Just as the floods receded in southern Alberta, and right on schedule, various politicians earnestly declared that steps will be taken to avoid this problem in the future. To show their determination to take action — myriad committees, task forces, expert panels, senior officials and other suspects have been ordered into motion to come up with a plan to avert a major flood disaster in the future.
If this all sounds familiar, welcome to the cynics club. Past flooding calamities going back to the 1890s have at one time or another seen mitigation studies and reports made to deal with the problem once and for all.
To be fair, some flood mitigation efforts have taken place over that time and were no doubt instrumental in avoiding many potential disasters. Most of those efforts involved building up berms. But like generals who are always planning to fight the last war again, those mitigation efforts tended to deal with the most recent flood, not the next big one. Human nature tends to govern that approach, as planners figure that there won’t be a bigger flood the next time. When the inevitable happens the excuse is that they can’t plan for that one-in-1,000 flood scenario.
Well actually you can, but you have to have the courage to not just take the action, but commit the financial resources to carry it out. There are plenty of reports gathering dust about what should have been done, but the political will and vision was always lacking.
In southern Alberta we have a 100-year experience in diverting rivers, building canals and reservoirs for the irrigation industry. That expertise already sees major diversions on the Bow and Oldman rivers into large canals. Is it really such a big leap to use that experience to create emergency diversion structures to avert future major floods? For instance much of the present irrigation infrastructure renovation is now using large pipelines to replace canals. So why couldn’t a couple of major pipelines not be built to divert overflow from the Bow River around Calgary or any other at-risk river in the province? Alberta manages to transport millions of barrels of oil out of the province every day, surely we have the engineering expertise to build a relatively short pipeline to divert a major overflow of water or is this too much common sense.

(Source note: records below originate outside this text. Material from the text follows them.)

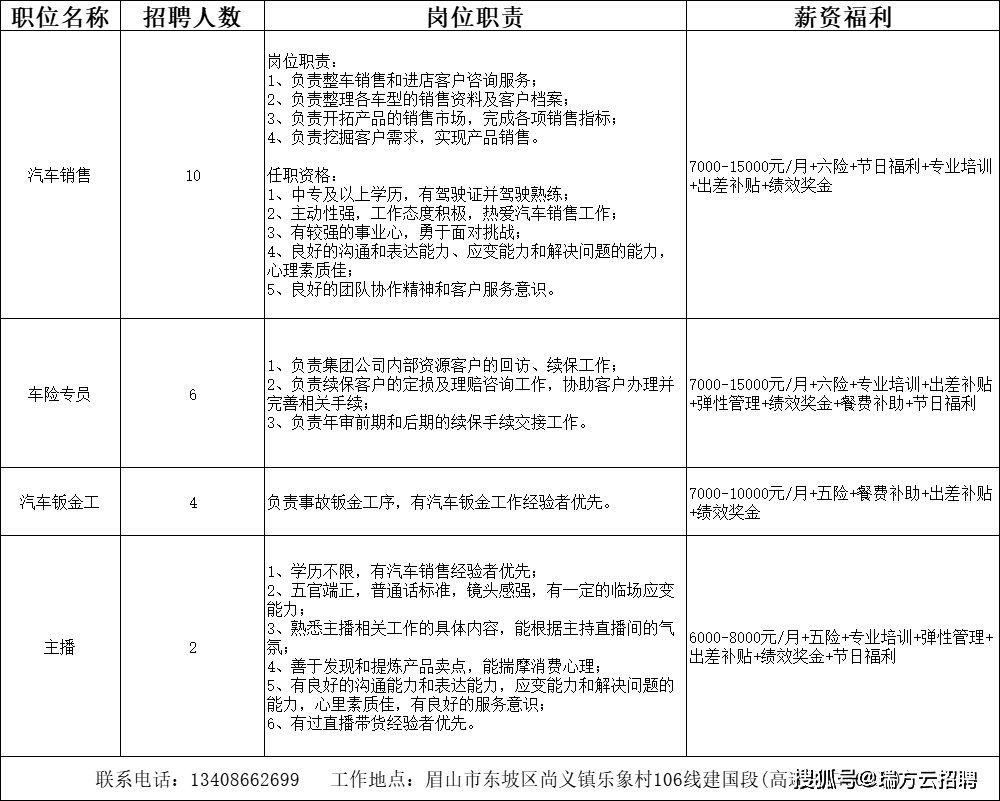 彭山青龙最新招聘信息,彭山青龙公司火热招募中，诚邀精英加入！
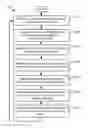 Fig. 01 - Profiles for collecting telemetry data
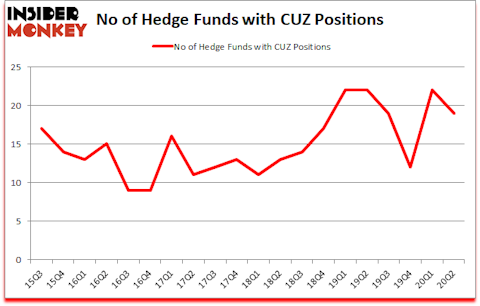 Is CUZ A Good Stock To Buy?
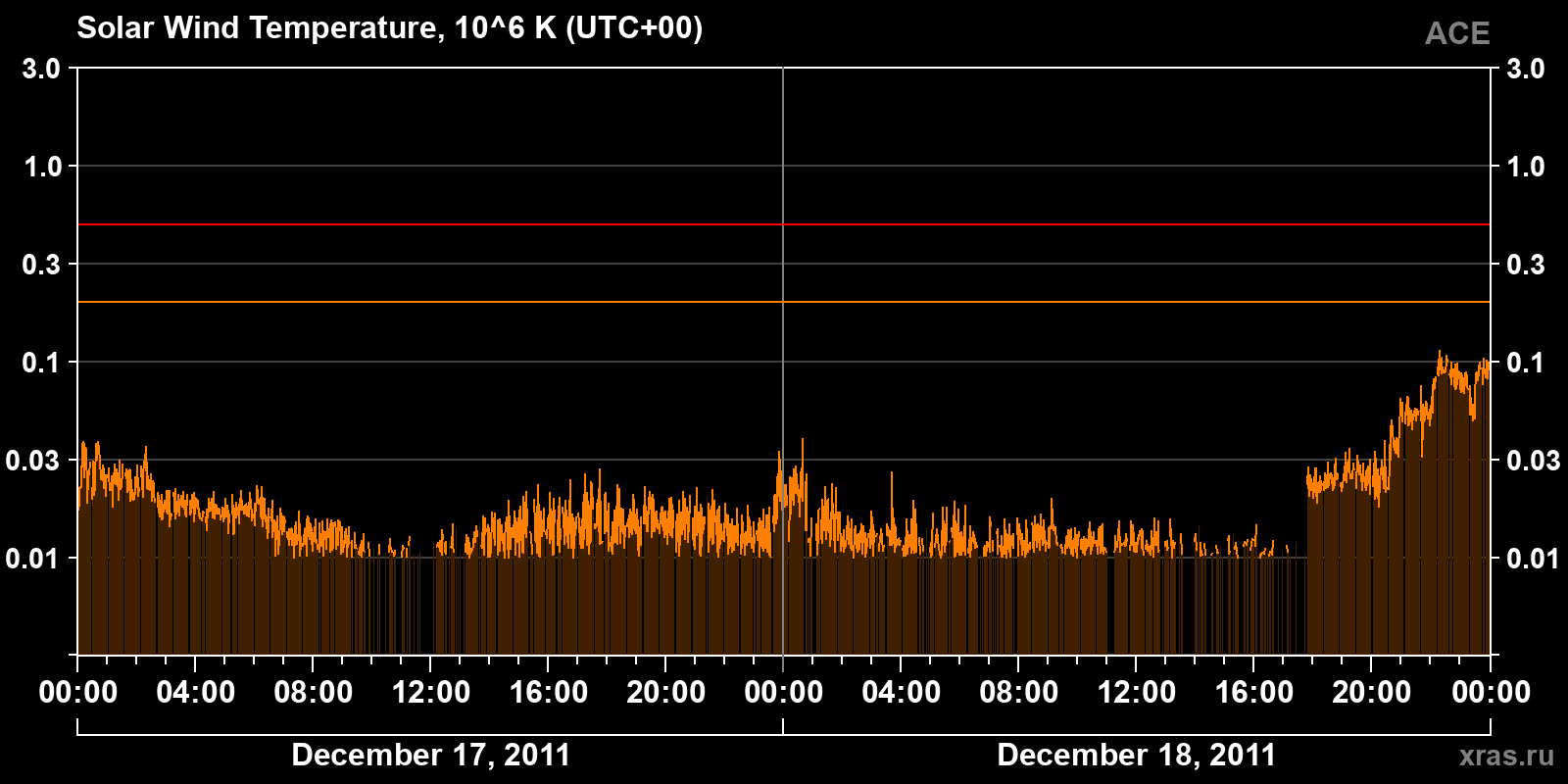 Solar wind temperature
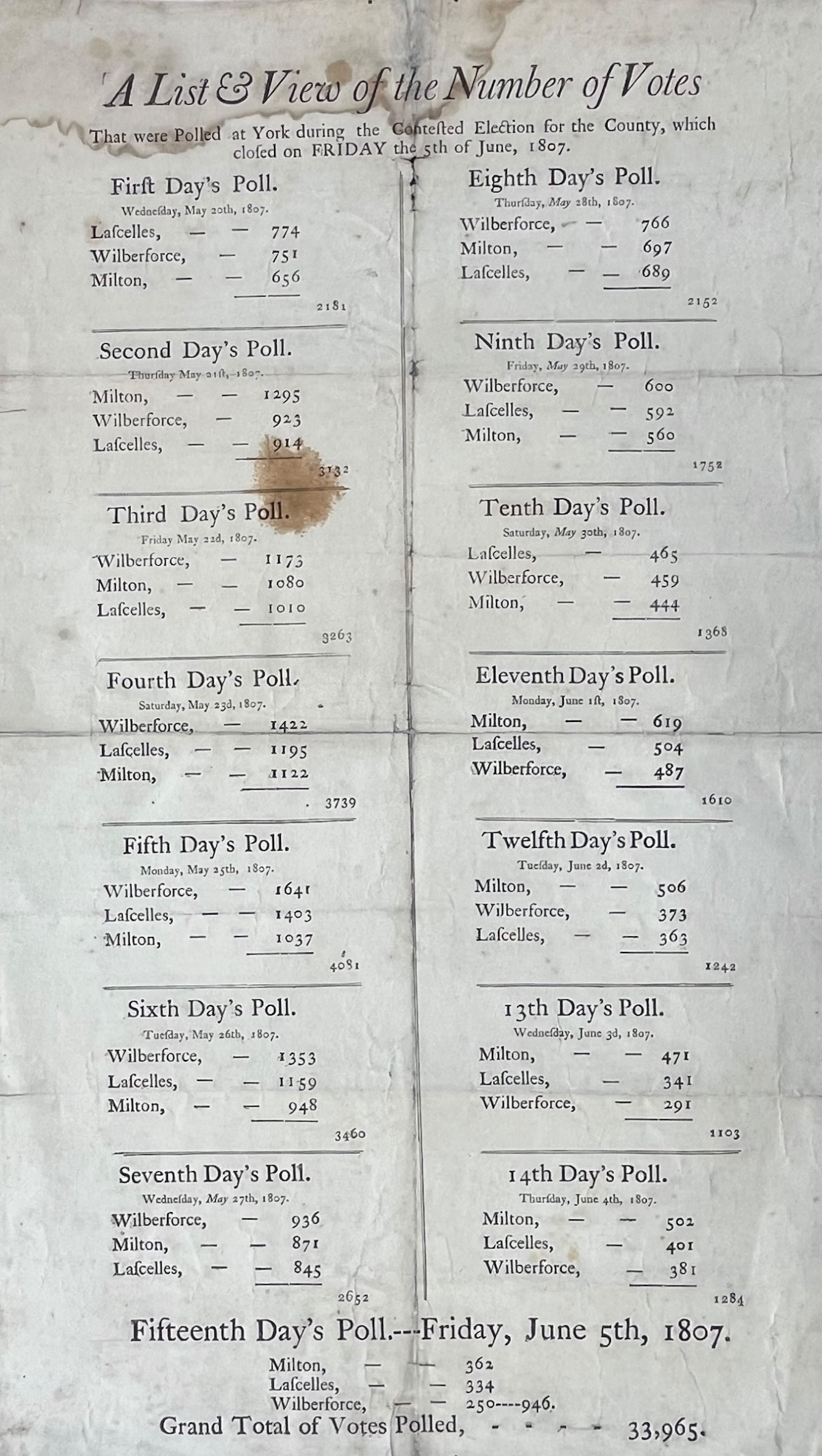 A List & View of the Number of Votes That Were Polled at York during the Contested Election for the County, which closed on Friday the 5th of June, 1807.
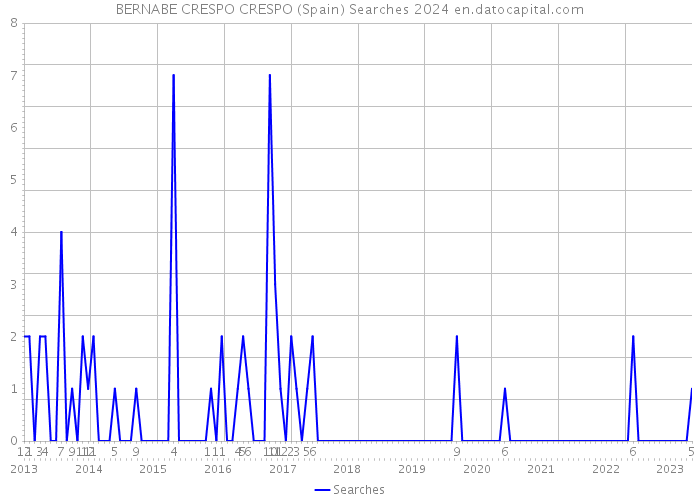 BERNABE CRESPO CRESPO (Spain) Searches 2024 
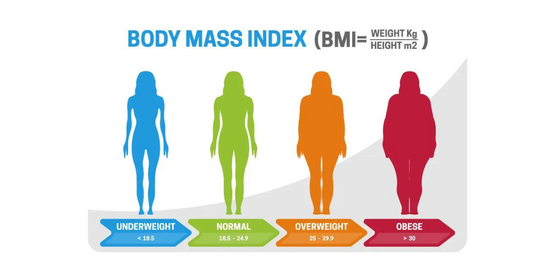 BMI Calculator - Don't Know Your BMI? Here's How to Calculate It.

It’s not like it’s a new concept — the City of Winnipeg in the 1960s built a major floodway around their city and they haven’t seen a flood since. Surely pipeline technology has advanced enough that Calgary could achieve the same end. But there is that perennial problem — short memories. As the flood-free years come to pass, spending, say $500 million on a short pipeline, will surely become entangled in the usual procrastination. Unfortunately when it comes to flooding and mitigation planning — history seems to repeat itself in both cases.